Eggless Salad Sandwich Filling

Cindy Spading

Ingredients:

  • 1 teaspoon of salt, preferably kala namak

  • ½ teaspoon of onion powder

  • ¼ teaspoon of garlic powder

  • ⅛ teaspoon of ground black pepper

  • ⅛ teaspoon of turmeric powder (optional to add color)

  • ¼ cup of nutritional yeast

  • 1 cup of vegan mayonnaise

  • 1 teaspoon of prepared mustard

  • 1 package of firm or extra-firm water-packed tofu

Instructions:

Drain and rinse your tofu and then pat it dry. There is no need to press tofu.


In  a mixing bowl, combine the first six dry ingredients. Then add the  mayonnaise and mustard. Stir until well blended. Crumble the tofu into  your bowl and mix.

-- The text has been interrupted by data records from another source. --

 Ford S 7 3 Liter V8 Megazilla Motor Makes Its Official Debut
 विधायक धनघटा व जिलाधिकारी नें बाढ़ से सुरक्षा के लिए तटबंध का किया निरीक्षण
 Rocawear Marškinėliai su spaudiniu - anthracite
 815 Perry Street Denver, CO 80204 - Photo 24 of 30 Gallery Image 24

Cover and refrigerate a few hours before serving to allow the tofu to absorb the flavors.


In addition to sandwiches, the eggless salad recipe also makes a nice  topping for crackers. I also use it as a base for potato salad by adding  about 2 pounds of potatoes, boiled and cubed. For both recipes, the  proportions and spices can easily be adjusted to suit your taste. To  keep things simple and reduce cleanup, I like to mix and store in the  same container. I also measure dry ingredients before wet so I only need  one set of utensils.




More from the author:


This really shows my age, but I was a teenager when flavored yogurt became available on grocery store shelves. I had heard about yogurt and was curious. I noticed that my grandmother had some in her refrigerator. I asked her what it tasted like, and she said it was like pudding. Needless to say, my first bite of yogurt was a shocker. I wasn’t expecting the tangy flavor and thought it must be spoiled, but like many other foods, I learned to enjoy yogurt.

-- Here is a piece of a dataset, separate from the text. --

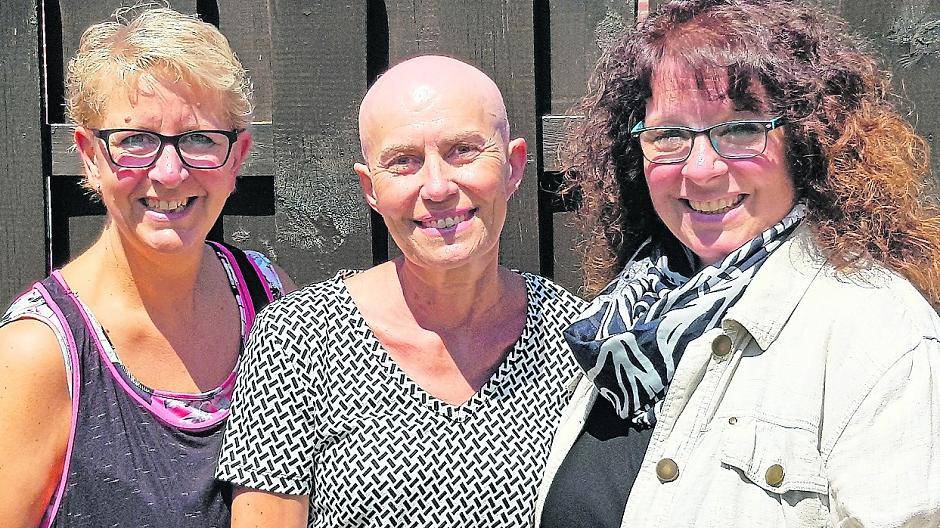  Leni Jorißen (mitte) strahlt mit ihren beiden Freundinnen Danny Zintl (links) und Silke Voigt um die Wette. 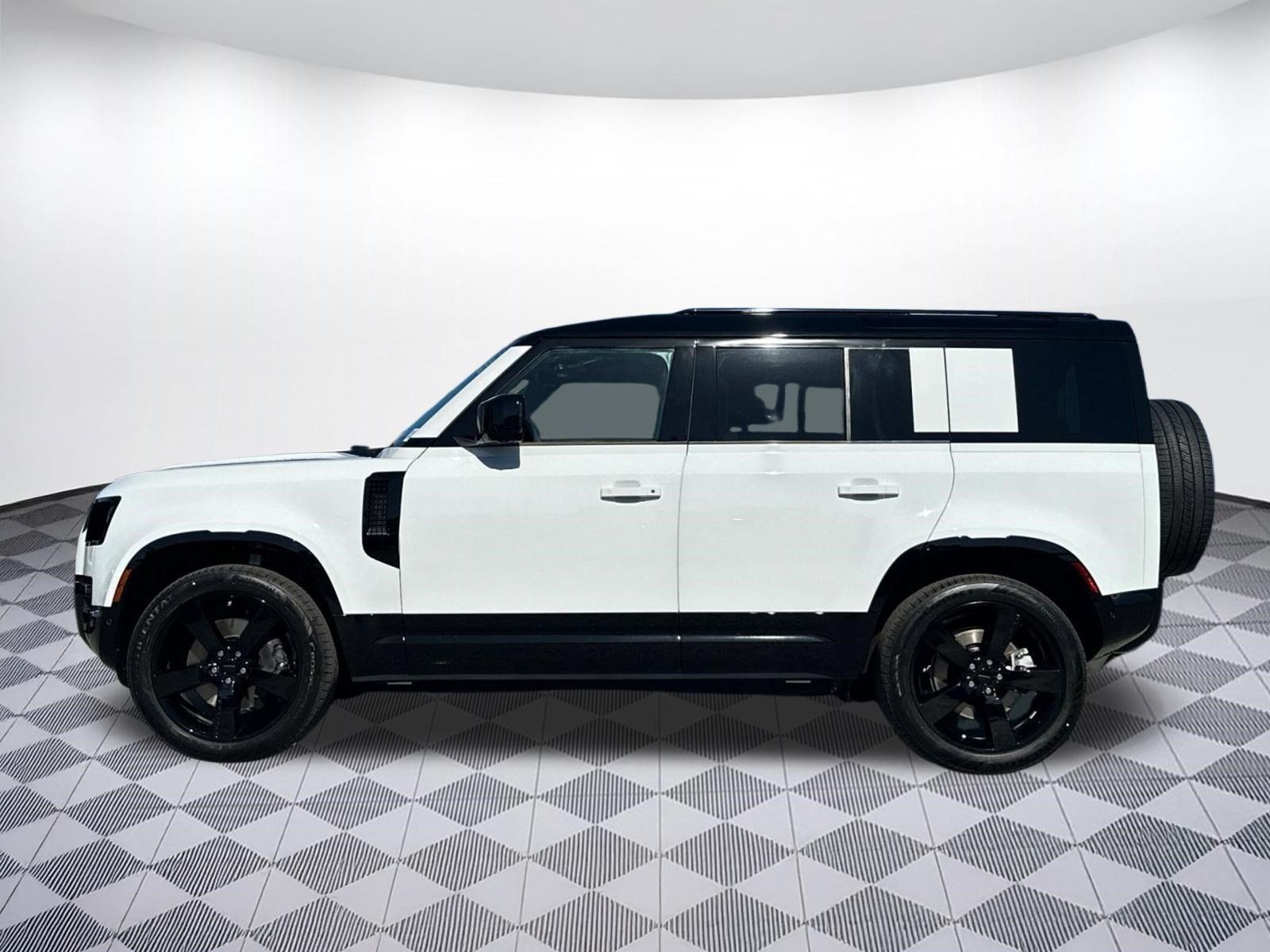 New 2026 Land Rover Defender 110 X-Dynamic SE AWD/4WD image 2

My first experience with tofu was very similar and unforgettable. It involved a friend telling me how much she liked tofu, and getting me excited to taste it. She made her favorite tofu dish and offered me a bite. I wanted to like it, but when I took my first bite, all I could think of was how tasteless and disappointing it was. I had to fake it when I thanked my friend and told her how good it tasted. Then I imagined myself serving a tofu dish to my family and pictured their wondering eyes that asked why I torture them. If someone open-minded like me who really wanted to like tofu didn’t like it, how could I ever get my family to like it?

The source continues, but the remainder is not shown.